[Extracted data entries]
□ □ □ □ □

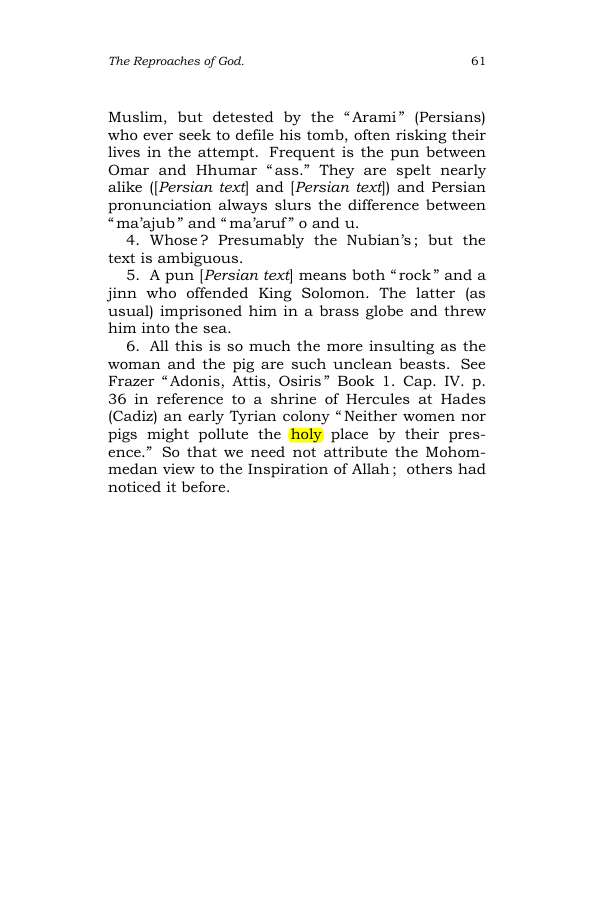 Original scan of The Scented Garden, PDF page 69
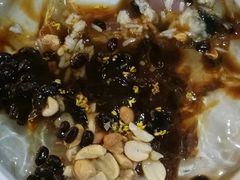 -二孃鸡爪爪(东郊记忆店)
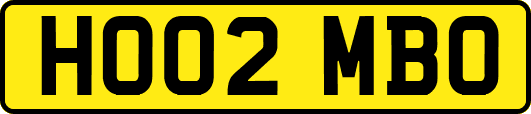 HO02MBO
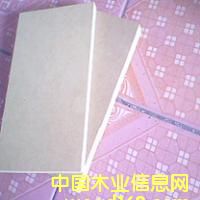 �c(di��n)���鿴12MM���ܶ��w�S��Ŵ�DƬ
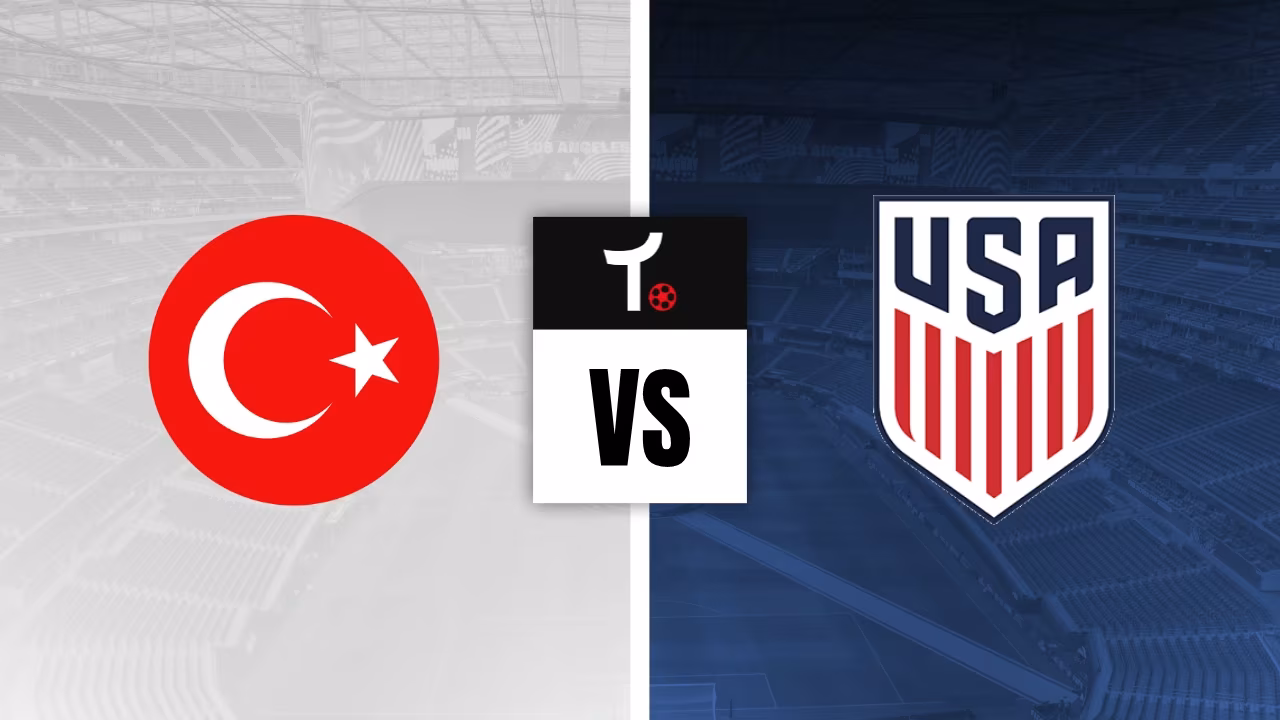Turquia x EUA Palpite &ndash; Not&iacute;cias e odds (26/06)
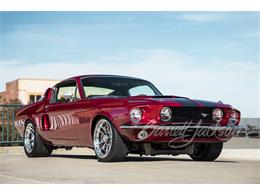 1967 Ford Mustang (CC-1434370) for sale in Scottsdale, Arizona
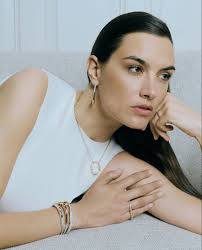 Rachel Annies HAIR makeup (@rachel_annies_bredy) • Instagram photos and  videos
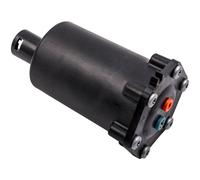 Air Compressor Dryer for LandRover Discovery MK 4 LR4 MK 3 LR3 VUB504700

□ □ □ □ □

-- How to complete this task --
Only the lines from the first line of the entries through the line containing "Rachel Annies HAIR" should be output, exactly as they are, without pictures.

-- Written reply --
 Original scan of The Scented Garden, PDF page 69
 -二孃鸡爪爪(东郊记忆店)
 HO02MBO
 �c(di��n)���鿴12MM���ܶ��w�S��Ŵ�DƬ
Turquia x EUA Palpite &ndash; Not&iacute;cias e odds (26/06)
 1967 Ford Mustang (CC-1434370) for sale in Scottsdale, Arizona
 Rachel Annies HAIR makeup (@rachel_annies_bredy) • Instagram photos and  videos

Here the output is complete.